![Save2Drive](https://raw.githubusercontent.com/alahnala/AI4All2020-Michigan-NLP/master/slides/save2drive.png)

# Outline

### Introduction
0. Brief introductory reading

### Implement Simple Model
1. Implementation: Preprocessing
2. Implementation: Training the simple model
3. Brief reading about evaluation
4. Implementation: Making predictions
5. Evaluating the simple model
6. Analysis

### Implement Bigram Model
6. Implementation: Preprocessing
7. Implementation: Training the bigram model
8. Implementation: Making predictions
9. Evaluating the bigram model

# 0. Introductory Reading (~5 minutes)

![Language Identification](https://raw.githubusercontent.com/alahnala/AI4All2020-Michigan-NLP/master/slides/3-language-identification.png)
![Language Identification](https://raw.githubusercontent.com/alahnala/AI4All2020-Michigan-NLP/master/slides/3-language-identification-2.png)
![Language Identification](https://raw.githubusercontent.com/alahnala/AI4All2020-Michigan-NLP/master/slides/3-language-identification-3.png)
![Language Identification](https://raw.githubusercontent.com/alahnala/AI4All2020-Michigan-NLP/master/slides/3-language-identification-4.png)
![Language Identification](https://raw.githubusercontent.com/alahnala/AI4All2020-Michigan-NLP/master/slides/3-language-identification-5.png)
![Language Identification](https://raw.githubusercontent.com/alahnala/AI4All2020-Michigan-NLP/master/slides/3-language-identification-6.png)

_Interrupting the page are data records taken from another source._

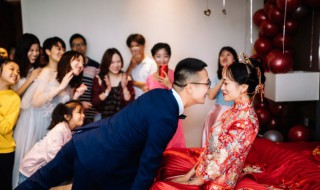 抖音同款婚礼祝词 抖音流行新婚祝福语姐妹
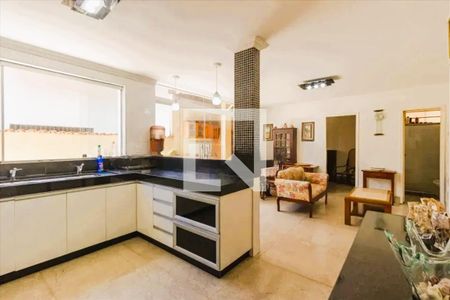 Casa para alugar com 4 quartos, 458m² em São Lucas, Belo Horizonte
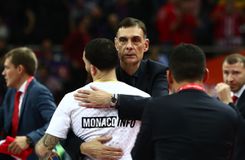 Αν ήσουν ο Μπαρτζώκας, θα ήθελες τον Τζέιμς στον Ολυμπιακό;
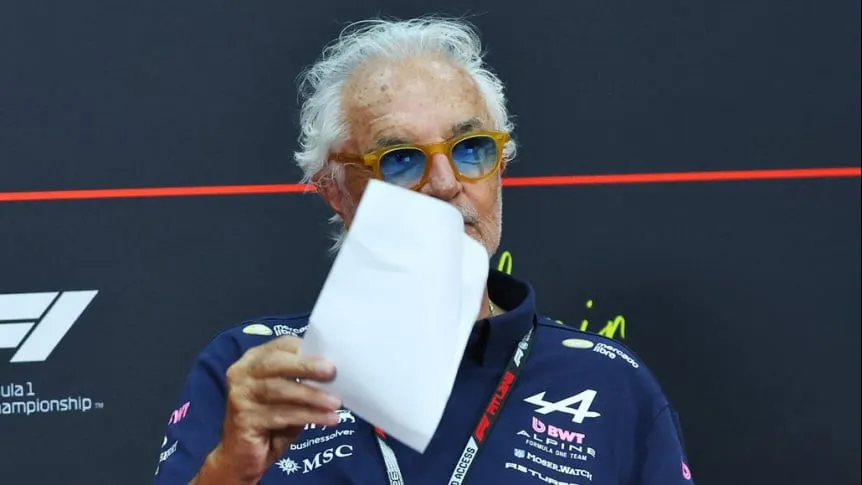 Flavio Briatore, jefe de Alpine, sostiene una hoja de papel durante una conferencia de prensa en la Fórmula 1.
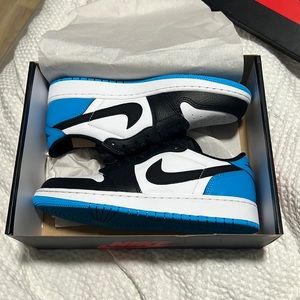 Air Jordan 1 Retro Low OG (GS) - Powder blue - never worn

# 0.2 Run the cell below to get setup

In [None]:
# Setup - run
import sys, os
IN_COLAB = 'google.colab' in sys.modules

if IN_COLAB:
  !rm -r AI4All2020-Michigan-NLP
  !git clone https://github.com/alahnala/AI4All2020-Michigan-NLP.git
  !cp -r AI4All2020-Michigan-NLP/utils/ .
  !cp -r AI4All2020-Michigan-NLP/Data/ .
  !cp -r AI4All2020-Michigan-NLP/slides/ .
  !cp -r AI4All2020-Michigan-NLP/Experiment-Report-Templates/ .
  !echo "=== Files Copied ==="

from utils.lang_detect_helpers import *
from tqdm import tqdm
from collections import Counter

# 0.3 Make a copy of the experiment documentation template to document your experiments

## [Link to Language-Identification-Template Google Slides](https://docs.google.com/presentation/d/1yDgUwbu46-iHJJdiDHDCwNDUamwKqOuh1JNoo0AqAic/edit?usp=sharing)

# 1. Preprocessing

## 1.1 Write a preprocess function. Refer to 1-Intro-to-NLP.ipynb for ideas!

Try out different test strings to see how your function works.

In [None]:
def preprocess(sentence):
    '''
    (Template) Implement preprocessing for language detection. Input is a string, and output should be a list of strings.
    '''
    
    # should be a list of strings
    preprocessed_sentence = [sentence]
    
    return preprocessed_sentence 

test_string = 'Hello!! Making a system that can tell me the language of a string of text will unlock many possibilities! :D'
preprocess(test_string)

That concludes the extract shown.